## [WHAT THE EXERCISE ASKS]
Set down exactly the lines below, starting at the one that contains "大数据分析工具的服务云化" and ending at the one that contains "输变电所年精细化管理工作目标责任分解.docx", with both of those lines included and nothing else.

[Stored dataset items]
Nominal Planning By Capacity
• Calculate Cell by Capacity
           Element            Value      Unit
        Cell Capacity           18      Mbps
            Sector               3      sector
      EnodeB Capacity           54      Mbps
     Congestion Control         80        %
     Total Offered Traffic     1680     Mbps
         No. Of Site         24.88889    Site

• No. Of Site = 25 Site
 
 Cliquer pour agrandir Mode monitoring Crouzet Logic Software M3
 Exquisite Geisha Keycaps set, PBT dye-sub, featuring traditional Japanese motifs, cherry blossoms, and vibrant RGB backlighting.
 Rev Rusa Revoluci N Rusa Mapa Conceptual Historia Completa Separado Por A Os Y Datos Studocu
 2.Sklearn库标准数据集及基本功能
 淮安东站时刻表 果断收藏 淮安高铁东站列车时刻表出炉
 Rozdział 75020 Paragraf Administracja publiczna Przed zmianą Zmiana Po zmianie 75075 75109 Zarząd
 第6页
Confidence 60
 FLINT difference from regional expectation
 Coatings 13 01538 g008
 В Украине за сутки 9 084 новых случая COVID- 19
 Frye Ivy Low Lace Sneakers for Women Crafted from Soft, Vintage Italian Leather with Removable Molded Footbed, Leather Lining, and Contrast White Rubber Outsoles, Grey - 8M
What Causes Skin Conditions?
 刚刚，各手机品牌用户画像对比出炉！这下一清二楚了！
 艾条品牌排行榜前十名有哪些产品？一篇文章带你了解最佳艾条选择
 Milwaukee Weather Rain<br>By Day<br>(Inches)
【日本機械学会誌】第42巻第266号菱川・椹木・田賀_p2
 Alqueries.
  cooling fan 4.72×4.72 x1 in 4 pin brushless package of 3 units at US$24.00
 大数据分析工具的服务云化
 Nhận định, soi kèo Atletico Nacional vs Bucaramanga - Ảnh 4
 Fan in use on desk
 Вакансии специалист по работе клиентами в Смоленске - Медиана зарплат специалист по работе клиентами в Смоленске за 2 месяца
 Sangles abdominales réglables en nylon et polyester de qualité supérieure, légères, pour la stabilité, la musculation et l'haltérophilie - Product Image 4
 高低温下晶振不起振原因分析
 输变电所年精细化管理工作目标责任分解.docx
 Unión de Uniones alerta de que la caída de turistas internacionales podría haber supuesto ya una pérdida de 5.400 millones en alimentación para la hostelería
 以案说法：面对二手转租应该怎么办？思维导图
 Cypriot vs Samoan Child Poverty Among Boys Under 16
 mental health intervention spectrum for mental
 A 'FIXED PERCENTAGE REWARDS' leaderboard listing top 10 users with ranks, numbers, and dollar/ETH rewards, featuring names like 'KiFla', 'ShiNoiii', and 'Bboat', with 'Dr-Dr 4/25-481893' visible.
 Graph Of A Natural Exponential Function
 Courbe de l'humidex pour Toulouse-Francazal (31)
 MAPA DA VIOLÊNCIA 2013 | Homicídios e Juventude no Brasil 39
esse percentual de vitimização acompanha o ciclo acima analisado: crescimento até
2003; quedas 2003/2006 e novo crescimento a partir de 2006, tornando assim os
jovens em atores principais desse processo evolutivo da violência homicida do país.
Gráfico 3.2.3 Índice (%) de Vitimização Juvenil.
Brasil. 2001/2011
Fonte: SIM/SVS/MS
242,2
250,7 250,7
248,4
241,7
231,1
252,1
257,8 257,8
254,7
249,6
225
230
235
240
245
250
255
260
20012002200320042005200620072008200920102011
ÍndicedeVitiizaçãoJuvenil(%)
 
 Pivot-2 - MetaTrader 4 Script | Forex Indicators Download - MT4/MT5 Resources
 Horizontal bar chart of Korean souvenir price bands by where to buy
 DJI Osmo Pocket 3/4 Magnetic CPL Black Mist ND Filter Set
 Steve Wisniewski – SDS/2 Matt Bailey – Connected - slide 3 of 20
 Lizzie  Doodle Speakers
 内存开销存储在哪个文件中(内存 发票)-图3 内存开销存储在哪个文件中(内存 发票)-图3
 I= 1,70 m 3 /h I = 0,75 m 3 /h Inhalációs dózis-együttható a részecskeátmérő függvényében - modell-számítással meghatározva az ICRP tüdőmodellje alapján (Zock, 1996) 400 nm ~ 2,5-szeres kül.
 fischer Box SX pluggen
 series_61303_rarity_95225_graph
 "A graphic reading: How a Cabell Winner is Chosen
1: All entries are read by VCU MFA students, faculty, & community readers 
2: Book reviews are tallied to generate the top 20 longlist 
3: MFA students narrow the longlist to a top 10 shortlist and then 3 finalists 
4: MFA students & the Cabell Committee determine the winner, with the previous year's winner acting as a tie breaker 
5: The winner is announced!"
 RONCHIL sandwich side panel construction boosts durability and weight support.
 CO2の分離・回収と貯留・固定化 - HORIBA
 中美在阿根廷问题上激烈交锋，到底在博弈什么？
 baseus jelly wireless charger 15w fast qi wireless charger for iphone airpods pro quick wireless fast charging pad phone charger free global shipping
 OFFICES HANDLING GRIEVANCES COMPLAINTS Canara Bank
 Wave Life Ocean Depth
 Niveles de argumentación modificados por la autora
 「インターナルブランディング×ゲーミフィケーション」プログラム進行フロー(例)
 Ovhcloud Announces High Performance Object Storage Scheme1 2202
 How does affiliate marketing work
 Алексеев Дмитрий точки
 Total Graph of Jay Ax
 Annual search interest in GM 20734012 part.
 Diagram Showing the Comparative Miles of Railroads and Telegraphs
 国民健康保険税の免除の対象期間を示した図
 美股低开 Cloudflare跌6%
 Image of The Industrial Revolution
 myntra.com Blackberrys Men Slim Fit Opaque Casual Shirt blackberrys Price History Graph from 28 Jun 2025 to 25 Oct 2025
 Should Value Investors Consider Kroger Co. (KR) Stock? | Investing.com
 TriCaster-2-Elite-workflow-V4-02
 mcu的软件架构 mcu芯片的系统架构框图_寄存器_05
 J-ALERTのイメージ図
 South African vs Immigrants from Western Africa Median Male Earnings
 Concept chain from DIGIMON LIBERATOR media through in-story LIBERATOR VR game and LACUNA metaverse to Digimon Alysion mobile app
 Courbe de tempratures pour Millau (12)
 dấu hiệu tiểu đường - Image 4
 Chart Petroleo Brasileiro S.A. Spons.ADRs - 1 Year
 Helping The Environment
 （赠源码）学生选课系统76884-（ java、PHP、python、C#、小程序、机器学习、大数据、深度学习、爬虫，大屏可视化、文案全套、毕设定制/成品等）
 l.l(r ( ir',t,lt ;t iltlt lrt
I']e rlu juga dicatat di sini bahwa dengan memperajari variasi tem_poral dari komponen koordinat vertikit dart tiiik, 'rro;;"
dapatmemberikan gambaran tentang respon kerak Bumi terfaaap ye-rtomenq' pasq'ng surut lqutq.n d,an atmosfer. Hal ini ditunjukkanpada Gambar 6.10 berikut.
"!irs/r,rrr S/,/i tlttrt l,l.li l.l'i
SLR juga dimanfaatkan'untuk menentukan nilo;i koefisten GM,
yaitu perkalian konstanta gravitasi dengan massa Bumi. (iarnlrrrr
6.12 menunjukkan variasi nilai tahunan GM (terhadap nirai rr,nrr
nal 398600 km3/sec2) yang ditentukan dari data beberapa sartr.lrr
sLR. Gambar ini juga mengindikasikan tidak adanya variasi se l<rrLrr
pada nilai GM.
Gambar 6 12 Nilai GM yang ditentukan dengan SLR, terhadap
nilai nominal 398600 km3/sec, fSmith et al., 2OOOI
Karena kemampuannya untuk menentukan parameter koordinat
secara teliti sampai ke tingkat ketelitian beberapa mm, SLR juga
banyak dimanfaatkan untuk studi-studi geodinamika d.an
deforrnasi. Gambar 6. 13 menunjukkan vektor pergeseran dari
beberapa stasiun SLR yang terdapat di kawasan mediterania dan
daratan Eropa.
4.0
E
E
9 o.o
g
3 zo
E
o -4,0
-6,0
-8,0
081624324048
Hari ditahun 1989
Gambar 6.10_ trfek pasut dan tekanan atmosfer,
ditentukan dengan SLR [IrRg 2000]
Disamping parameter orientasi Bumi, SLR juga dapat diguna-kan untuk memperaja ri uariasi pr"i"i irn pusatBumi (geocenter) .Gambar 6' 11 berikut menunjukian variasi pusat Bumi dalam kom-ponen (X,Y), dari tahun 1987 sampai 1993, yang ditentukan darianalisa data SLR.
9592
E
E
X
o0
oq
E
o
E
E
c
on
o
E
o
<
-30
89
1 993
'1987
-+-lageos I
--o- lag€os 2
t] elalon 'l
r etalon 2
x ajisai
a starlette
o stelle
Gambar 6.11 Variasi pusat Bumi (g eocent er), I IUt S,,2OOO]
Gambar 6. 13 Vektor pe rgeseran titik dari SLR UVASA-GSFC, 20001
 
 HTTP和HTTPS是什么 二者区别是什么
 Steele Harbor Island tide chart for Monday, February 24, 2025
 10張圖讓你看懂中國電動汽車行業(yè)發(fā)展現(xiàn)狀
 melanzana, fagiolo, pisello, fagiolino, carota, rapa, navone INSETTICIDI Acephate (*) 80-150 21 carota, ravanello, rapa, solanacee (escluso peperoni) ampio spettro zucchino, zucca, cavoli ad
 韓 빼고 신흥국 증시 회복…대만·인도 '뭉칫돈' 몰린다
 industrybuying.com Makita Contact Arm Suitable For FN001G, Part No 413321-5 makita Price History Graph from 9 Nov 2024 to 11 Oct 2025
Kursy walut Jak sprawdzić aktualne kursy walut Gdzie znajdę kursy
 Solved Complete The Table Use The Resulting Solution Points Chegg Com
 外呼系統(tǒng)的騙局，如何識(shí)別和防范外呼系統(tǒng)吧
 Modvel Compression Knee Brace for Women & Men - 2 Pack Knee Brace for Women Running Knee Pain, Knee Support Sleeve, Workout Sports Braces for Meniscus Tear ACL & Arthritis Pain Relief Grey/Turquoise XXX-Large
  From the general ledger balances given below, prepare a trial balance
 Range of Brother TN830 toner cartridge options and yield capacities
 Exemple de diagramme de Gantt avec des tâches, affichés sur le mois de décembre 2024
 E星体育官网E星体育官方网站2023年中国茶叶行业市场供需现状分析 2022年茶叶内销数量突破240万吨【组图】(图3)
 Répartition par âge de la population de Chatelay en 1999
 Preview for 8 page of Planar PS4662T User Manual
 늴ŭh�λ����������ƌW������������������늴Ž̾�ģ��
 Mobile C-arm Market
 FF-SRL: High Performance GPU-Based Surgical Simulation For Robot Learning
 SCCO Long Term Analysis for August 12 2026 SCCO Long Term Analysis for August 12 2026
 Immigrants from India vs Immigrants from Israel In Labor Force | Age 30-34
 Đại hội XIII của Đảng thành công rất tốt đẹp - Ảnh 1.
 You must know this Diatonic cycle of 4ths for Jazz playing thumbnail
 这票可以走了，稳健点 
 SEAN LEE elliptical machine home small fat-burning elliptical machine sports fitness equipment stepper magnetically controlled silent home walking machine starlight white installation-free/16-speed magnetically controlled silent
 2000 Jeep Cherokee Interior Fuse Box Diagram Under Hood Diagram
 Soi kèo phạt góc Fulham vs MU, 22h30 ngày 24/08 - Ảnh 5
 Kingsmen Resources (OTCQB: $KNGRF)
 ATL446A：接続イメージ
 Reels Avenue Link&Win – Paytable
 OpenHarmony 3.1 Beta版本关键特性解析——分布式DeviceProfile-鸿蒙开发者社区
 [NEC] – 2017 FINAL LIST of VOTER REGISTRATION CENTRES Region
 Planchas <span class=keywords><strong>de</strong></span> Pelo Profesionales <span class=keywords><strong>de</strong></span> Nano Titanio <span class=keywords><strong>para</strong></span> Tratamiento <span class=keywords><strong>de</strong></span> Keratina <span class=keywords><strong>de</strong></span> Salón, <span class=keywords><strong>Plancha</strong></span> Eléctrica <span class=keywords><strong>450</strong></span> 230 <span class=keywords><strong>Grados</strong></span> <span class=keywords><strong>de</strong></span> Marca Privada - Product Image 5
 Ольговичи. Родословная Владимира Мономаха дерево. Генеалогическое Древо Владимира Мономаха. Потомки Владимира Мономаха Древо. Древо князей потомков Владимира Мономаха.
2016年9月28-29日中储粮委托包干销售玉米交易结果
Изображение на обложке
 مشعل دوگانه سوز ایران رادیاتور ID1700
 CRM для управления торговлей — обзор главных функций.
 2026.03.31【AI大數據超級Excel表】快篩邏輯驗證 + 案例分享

## [RESPONSE FOR THIS EXERCISE]
 大数据分析工具的服务云化
 Nhận định, soi kèo Atletico Nacional vs Bucaramanga - Ảnh 4
 Fan in use on desk
 Вакансии специалист по работе клиентами в Смоленске - Медиана зарплат специалист по работе клиентами в Смоленске за 2 месяца
 Sangles abdominales réglables en nylon et polyester de qualité supérieure, légères, pour la stabilité, la musculation et l'haltérophilie - Product Image 4
 高低温下晶振不起振原因分析
 输变电所年精细化管理工作目标责任分解.docx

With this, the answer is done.